Sam wants equality training for bar staff across Brighton
“As a non-binary trans person who now passes as a cis male, the first time I used the male toilets was at a Pride event in London, back when I was visibly female,” Sam said, adding: “It was a joyous occasion.”
“To define a stranger’s gender and police the toilets they can use, especially at a Pride event in Brighton in 2022, is ostensibly a transphobic act.”
The Equality Act 2010 prohibits discrimination based on “gender reassignment”, and patrons of the pub are perfectly within their rights to use whichever toilet feels comfortable to them, Sam contends.
That is why they are calling for all Brighton venues to receive “mandatory gender and equality training”.
Sam says they have now physically recovered from the incident, and told PinkNews that after two weeks the bump on their head had gone down, just in time for their wedding.
Contacted for comment by PinkNews, Phil Payne, owner of the Waggon and Horses, said that on the day of Pride, “the pub was absolutely mental”.
He said the pub had opened up its toilets to the general public during Pride, even those who weren’t customers, which resulted in long queues. Payne vehemently denies there was any policing of the gender of people using the toilets, and says staff were simply trying to limit the number of people in the toilets at one time.
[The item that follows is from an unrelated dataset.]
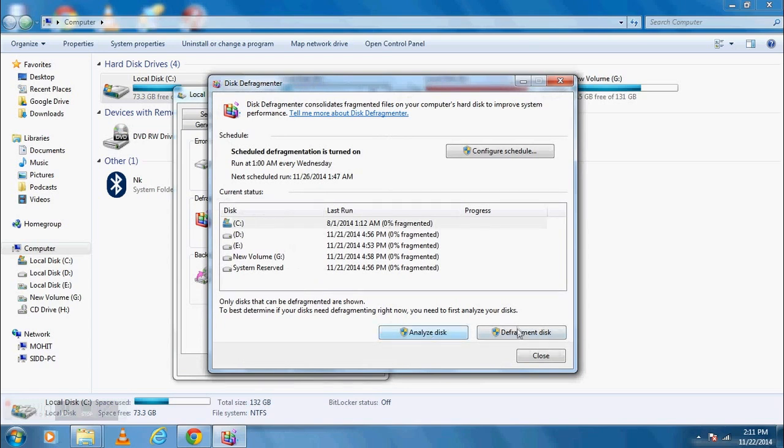Now click on Defragment Disk. Defragmentation may take around 4-5 hours, so use this method when you are free.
He said the staff member in question became angry because Sam was “making what was a very difficult situation even worse, and was the one who was being passive aggressive and calling [him] names”.
Payne said the staff member had “snapped” when Sam accused him of transphobia, but admitted: “It shouldn’t have happened. No matter what people do to you, you shouldn’t react. I know that.”
“He shouldn’t have reacted, and hopefully he wouldn’t react again,” he added.
“But there were some mitigating circumstances, do you know what I mean? And it’s certainly not the attitude of the pub, we’re certainly 100 per cent not transphobic in any way.”
Payne also denied saying customers were “making up being non-binary”, and instead said he was describing some men in the toilet queues making “a joke” out of Pride, and recreating the transphobic ‘I’m a lady’ Little Britain sketch.